The opinion responded to a request from Ed Brodsky, the State Attorney for the Twelfth Judicial Circuit, after the Twelfth Circuit's chief judge issued Administrative Order 2025-03.2 (later amended to 2025-03a.2) requiring prosecutors and their investigators to lock their firearms outside any courtroom, judge's chambers, or court administration office.
The AG concluded the order conflicts with Florida statute. Section 790.001 defines state attorneys, assistants, and investigators as "law enforcement officers." Section 790.051 then exempts law enforcement officers from Chapter 790's licensing and penal restrictions "when acting at any time within the scope or course of their official duties." That exemption includes the rule in § 790.06(12) that lets judges control firearms in their courtrooms — that judicial authority reaches "any person" but not law enforcement officers acting in the line of duty.
While judges have inherent authority over courthouse security, that power can't override an express statute.
What this means for you
If you are a state attorney, assistant state attorney, or prosecutor's investigator
You retain the statutory right to carry your firearm in courtrooms, judge's chambers, court administration offices, and hearing rooms when you are on duty and acting within the scope of your official duties. An administrative order that says otherwise is, in the AG's view, contrary to Florida law.
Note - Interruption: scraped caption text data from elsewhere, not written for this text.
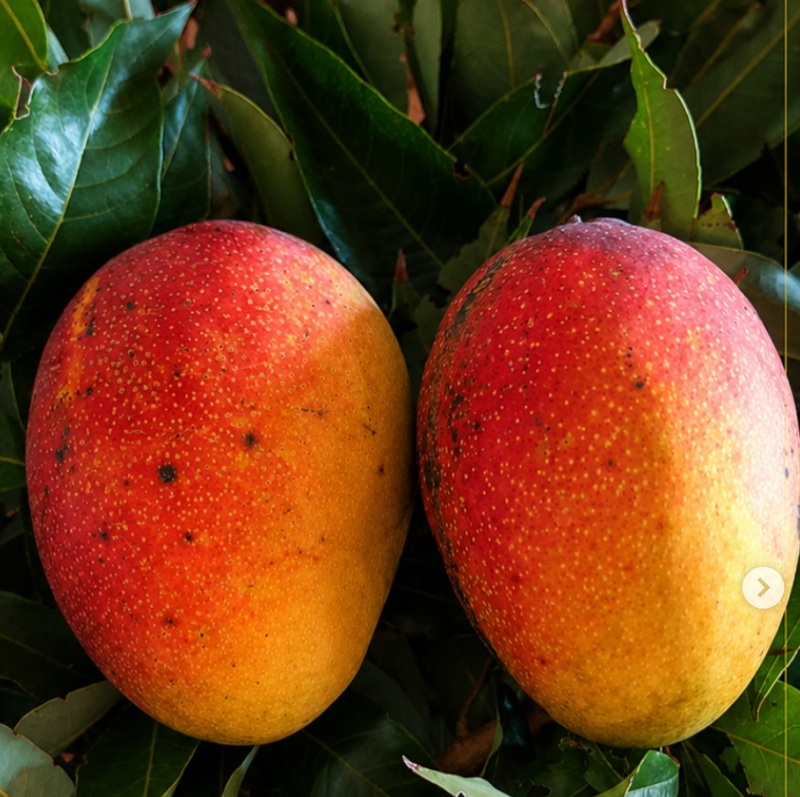 Glenn Mango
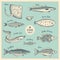 Vintage fish illustration set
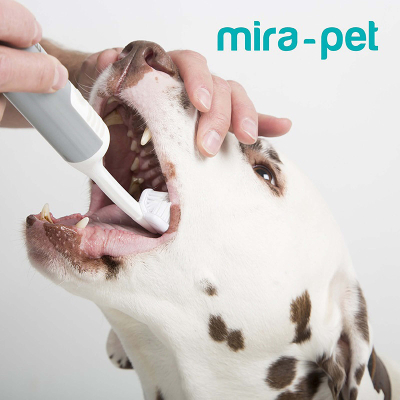 Mira-Pet Ultraschall Zahnreinigung Starter-Set für Hunde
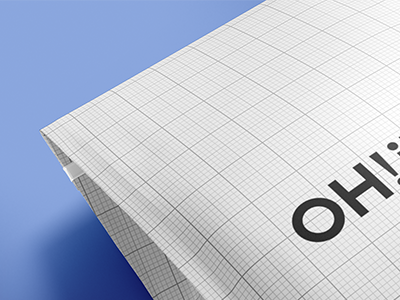 包装样机包装袋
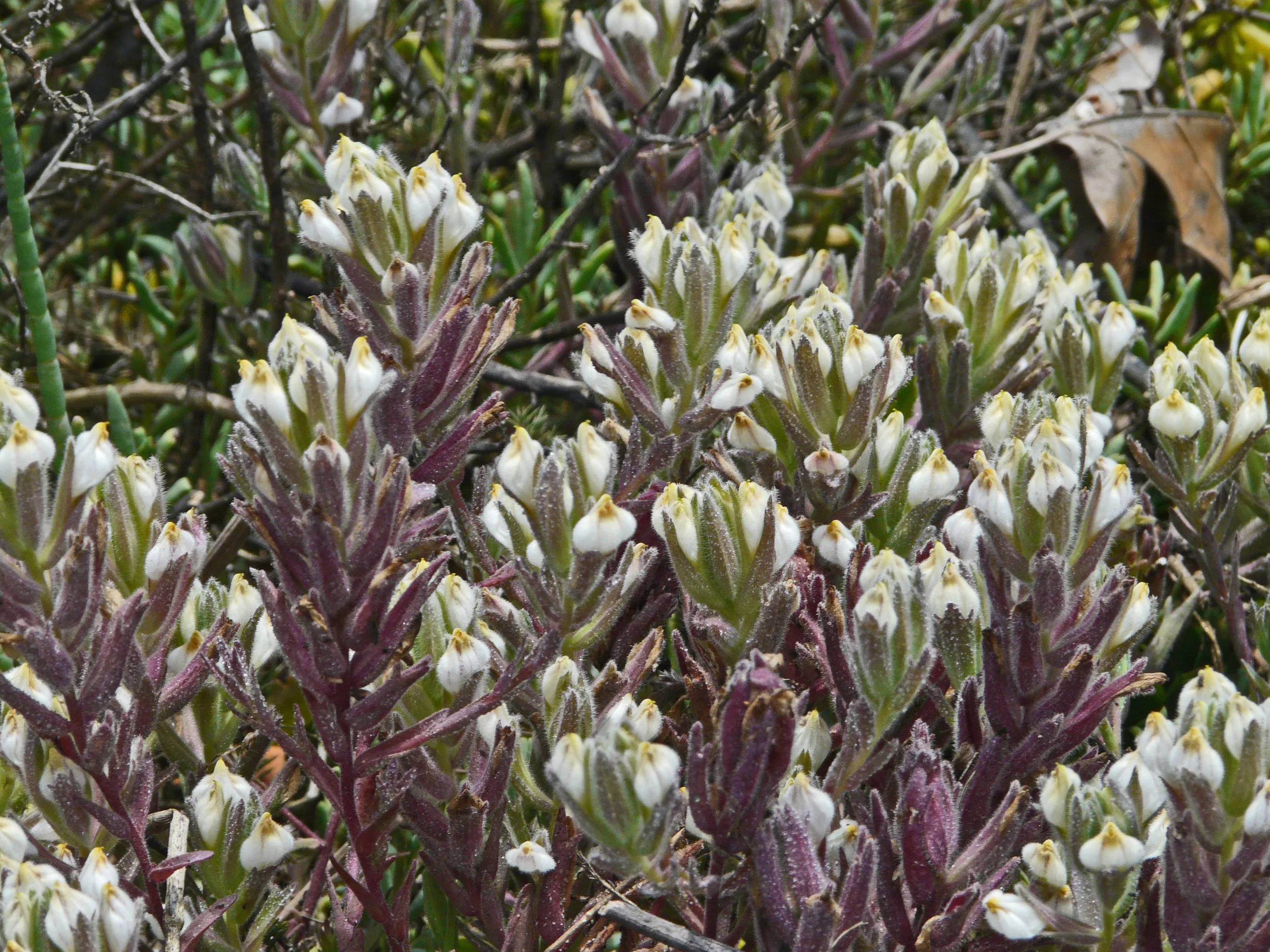 Chloropyron maritimum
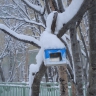 Новогодняя кормушка Новогодняя кормушка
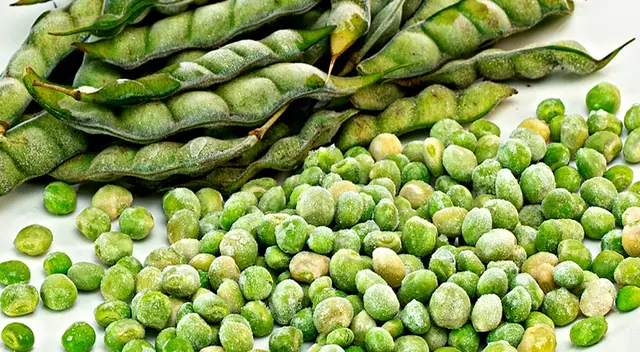 El frijol chivatito, popular en Sudamérica, es fuente de lisina, hierro y calcio. Aquí sus beneficios y consejos para prepararlo. El frijol chivatito, popular en Sudamérica, es fuente de lisina, hierro y calcio. Aquí sus beneficios y consejos para prepararlo.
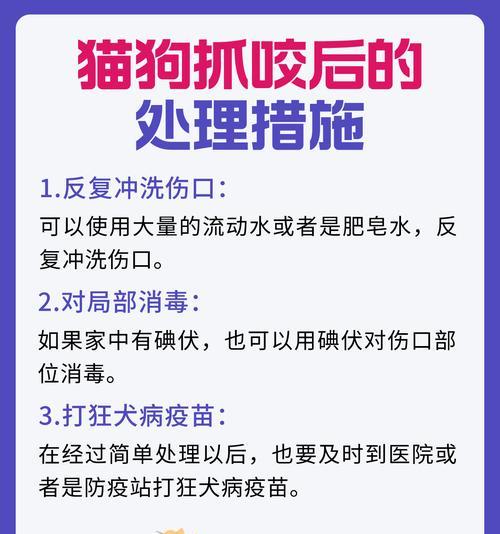 猫咪打完疫苗后需要注意什么？（宠物猫咪的健康护理指南）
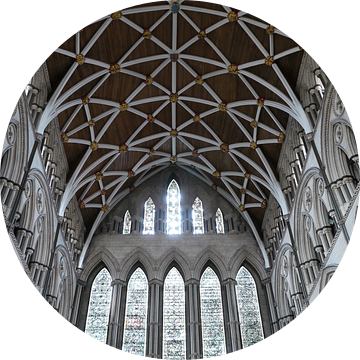 De Engelse Kathedraal van christine b-b müller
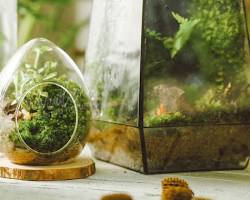 Hình ảnh về Một người đang trao tặng terrarium như một món quà đặc biệt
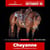 Paardadvertentie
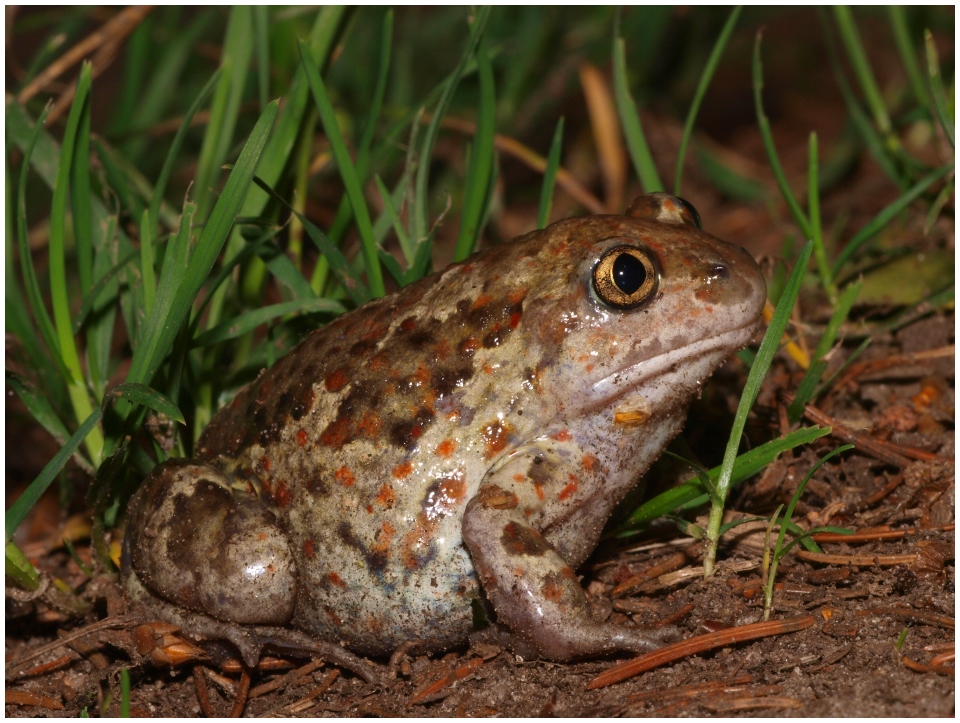 Knoblauchkröte (Pelobates fuscus)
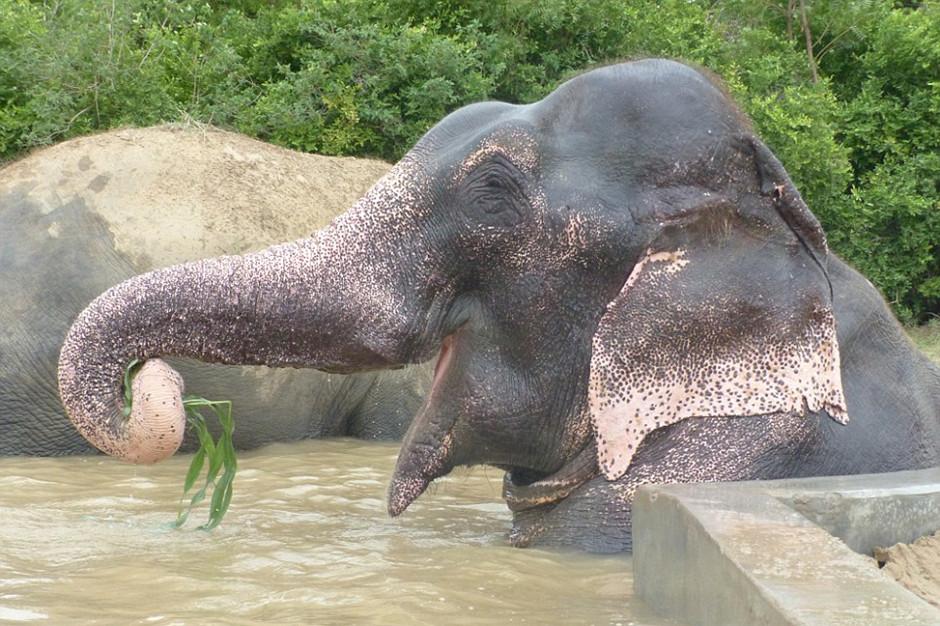 大象被虐50年获救时流泪 到达新家很是欢喜（高清组图）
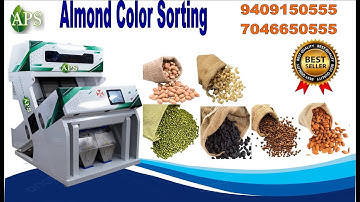 Almond Color Sorter Machine 9409150555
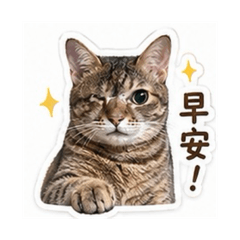 呼呼寶寶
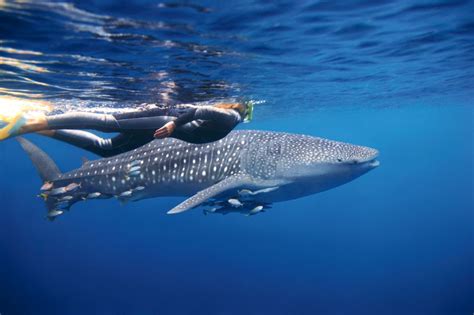 Exmouth And Ningaloo Reef Frequently Asked Questions Australian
You may want to:
- Work with your office's leadership before relying on this opinion to ignore a local administrative order — AG opinions are persuasive, not binding.
- Document any threats or incidents that justify the need to carry on duty.
- Coordinate with the chief judge to revisit the order in light of this opinion.
If you are a chief judge or court administrator
This opinion challenges any administrative order that flatly prohibits prosecutors and their investigators from carrying firearms inside courtrooms. The AG's position: while you can regulate firearms broadly under § 790.06(12), you cannot extend that regulation to law enforcement officers exempted by § 790.051. Before issuing or maintaining a similar order:
- Cabin the prohibition to "any person other than law enforcement officers acting in the scope of their official duties."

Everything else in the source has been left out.